En programmant Le Cid de Massenet créé au Palais Garnier et jamais représenté depuis 1919, l’Opéra de Paris est pleinement dans son rôle de conservatoire de l’opéra français, honorant une création ayant eu lieu à Garnier, quand la plupart des opéras de cette période qui ont laissé quelque trace ont été créés à l’Opéra Comique. Il est donc tout aussi légitime de le représenter sur le lieu même de sa création.
On peut discuter du choix du titre, mais cette saison, deux œuvres peu ou pas jouées du répertoire français ont les honneurs de la scène et c’est heureux : le mois prochain en effet, le Roi Arthus de Chausson sera enfin créé à l’Opéra de Paris. Paris découvrira une œuvre à laquelle la capitale n’a eu droit qu’en version de concert grâce à Radio France (tiens…tiens..) en 1981. Il faut donc saluer vigoureusement l’initiative de Nicolas Joel, auteur d’une saison par ailleurs assez pâle.
Mais voilà, en programmant Le Cid, les choix de Nicolas Joel laissent percevoir que cette reprise sera sans doute isolée, puisqu’on est allé chercher à Marseille la production, sans financer de production maison, même si pour l’occasion, distribution et chef sont au-delà de toute éloge.
Car la production de Charles Roubaud est de celles qui méritent de rester au magasin des accessoires. Transposée dans une Espagne des années trente, pré-franquiste, on y brandit force drapeaux, on y voit des soldats et l’armée, des cardinaux et donc l’église, des coteries, des rivalités, un Roi, une infante et un certain nombre de petits héritiers du genre Las Meninas (ou Los Meninos) à la mode 1930, de jolis meubles et un décor ma foi assez efficace pour le genre, signé Emmanuelle Favre.
De mise en scène, pas grand chose, de direction d’acteurs, pas grand chose non plus : les chanteurs sont laissés à eux mêmes avec leurs gestes traditionnels, bras ouverts, main sur le cœur. Bref, de l’archi réchauffé, du tout venant sans véritable intérêt qui ne dérange personne : on préfère hurler contre Warlikowski ou Marthaler, parce que l’intelligence dérange plus que la médiocrité. la scène finale à ce propos est digne de la pire des opérettes.
Par ailleurs en affichant Roberto Alagna dans le rôle, et Michel Plasson en fosse, Joel (et maintenant Lissner) s’assurait du succès (mérité d’ailleurs dans ce(s) cas ce soir). Personne à l’évidence ne venait pour une mise en scène, comme si la mise en scène était la cinquième roue du carrosse, sauf quand elle réveille ceux qui sont assoupis.

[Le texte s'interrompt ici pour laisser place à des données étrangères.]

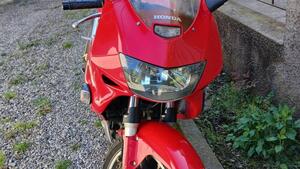 Honda VTR 1000 F Firestorm (2001 - 07) 
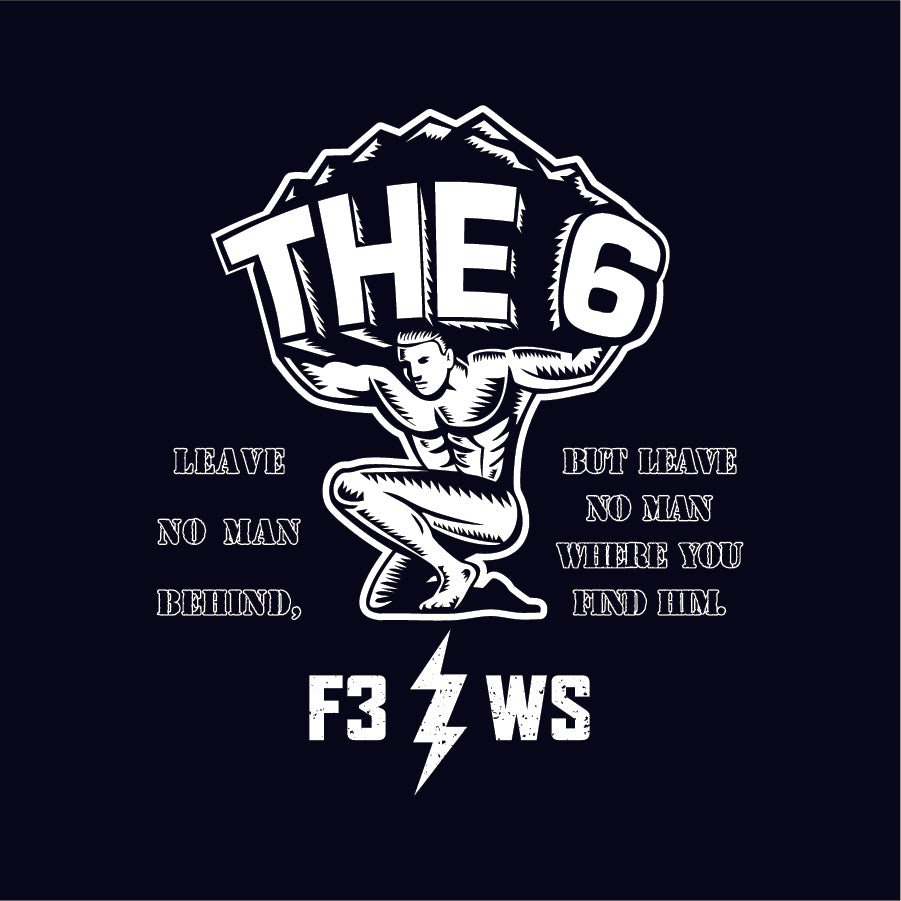 F3 Winston-Salem Pick Up The 6 Pre-Order January 2025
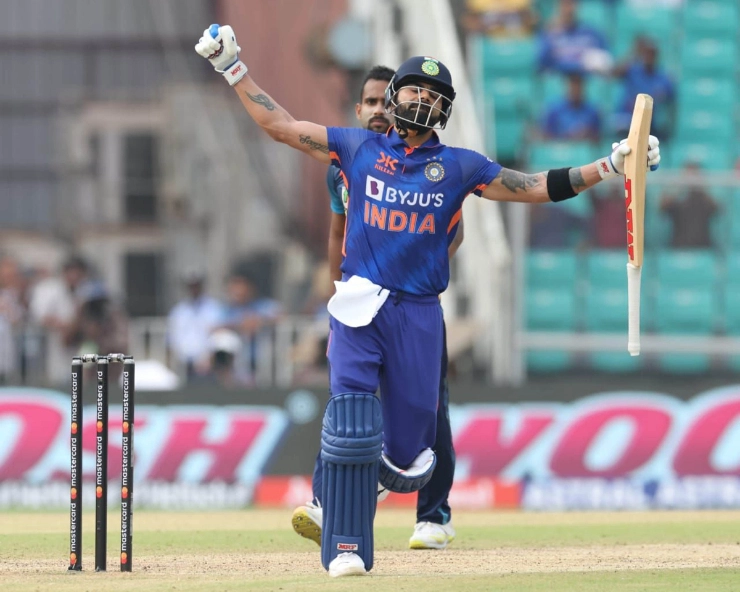 IND vs SL, 3rd ODI: Virat Kohli surpasses Sachin Tendulkar's record with century against Sri Lanka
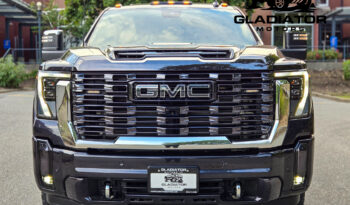 2024 GMC Sierra 3500 HD *DENALI ULTIMATE* LONG BOX Duramax DIESEL full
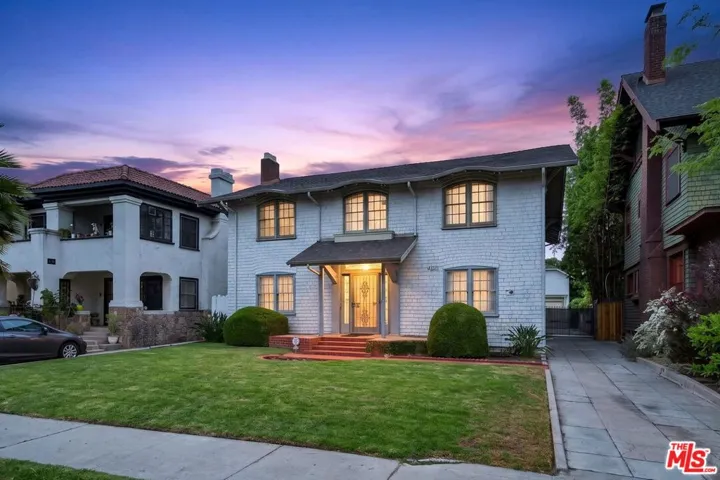 2215 W 21st Street, Los Angeles, California 90018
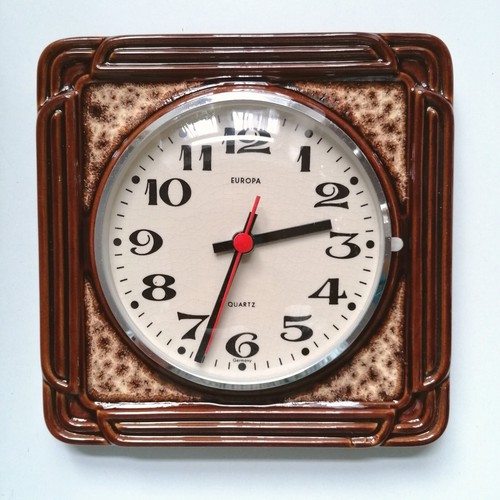 Alte europa wanduhr - alte,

Un soin tout particulier en effet a été apporté à la réalisation musicale.
Je n’ai personnellement que peu d’affinité avec cette musique, même si certains moments (ouverture, acte III) me sont apparus plus intéressants. L’espagnolade du IVème acte est même vraiment pénible, vu le sujet.

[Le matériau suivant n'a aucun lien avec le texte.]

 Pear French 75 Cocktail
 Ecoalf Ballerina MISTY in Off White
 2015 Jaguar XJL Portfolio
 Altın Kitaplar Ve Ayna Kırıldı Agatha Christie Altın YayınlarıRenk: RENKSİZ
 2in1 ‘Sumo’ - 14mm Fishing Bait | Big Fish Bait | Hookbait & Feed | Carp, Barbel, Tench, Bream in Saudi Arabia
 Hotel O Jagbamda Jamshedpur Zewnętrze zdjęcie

J’oubliais qu’enfin, après 50 ans, je sais d’où vient la musique que tout jeune à peine sorti de l’enfance, j’écoutais en regardant les pirouettes d’Alain Calmat en patinage artistique à la télévision. Il patinait donc sur le ballet du Cid de Massenet !
Ce soir j’aurai appris quelque chose d’enfoui depuis mes 12-13 ans.
On ne compte pas les adaptations du Cid de Pierre Corneille, la tragi-comédie emblématique du théâtre classique, tout en ellipses et en litotes, un texte merveilleux, une structure dramaturgique hardie, et une fin amère : ce report de décision à un an « Laisse faire le temps, ta vaillance et ton roi » est interprété par un « happy end » possible, mais rien dans le texte de Corneille ni dans les paroles de Chimène ne le laisse espérer. J’ai toujours interprété cette fin comme une fin de non recevoir.
En tous cas souverainement mis en mot et en drame par Corneille. Le livret d’Adolphe Ennery, Louis Gallet et Edouard Blau bannit toute interrogation et toute incertitude : La « mise en scène » de Roubaud, où Chimène se jette dans les bras de Rodrigue venu la rencontrer dans ses appartements renforce les espérances du public.
Seules les interrogations et les lâchetés des soldats qui hésitent à aller combattre sont dans le livret mises en valeur, elles « rallongent la sauce » dans des scènes d’une rare pauvreté à l’acte IV, qui ne servent qu’à préparer l’air de référence de Rodrigue « Ô souverain, ô juge, ô père ! ».
Ce qui était chez Corneille une extraordinaire mise en scène de la dignité humaine est abâtardi dans le livret de l’opéra, où l’on affiche une histoire d’amour assez ordinaire qui illustre plus que Corneille les fameux vers de la parodie de Georges Fourest extraite de La Négresse blonde que je ne résiste pas à vous rappeler in extenso :
Le palais de Gormaz, comte et gobernador,
est en deuil : pour jamais dort couché sous la pierre
l’hidalgo dont le sang a rougi la rapière
de Rodrigue appelé le Cid Campeador.
Le soir tombe. Invoquant les deux saints Paul et Pierre
Chimène, en voiles noirs, s’accoude au mirador
et ses yeux dont les pleurs ont brûlé la paupière
regardent, sans rien voir, mourir le soleil d’or…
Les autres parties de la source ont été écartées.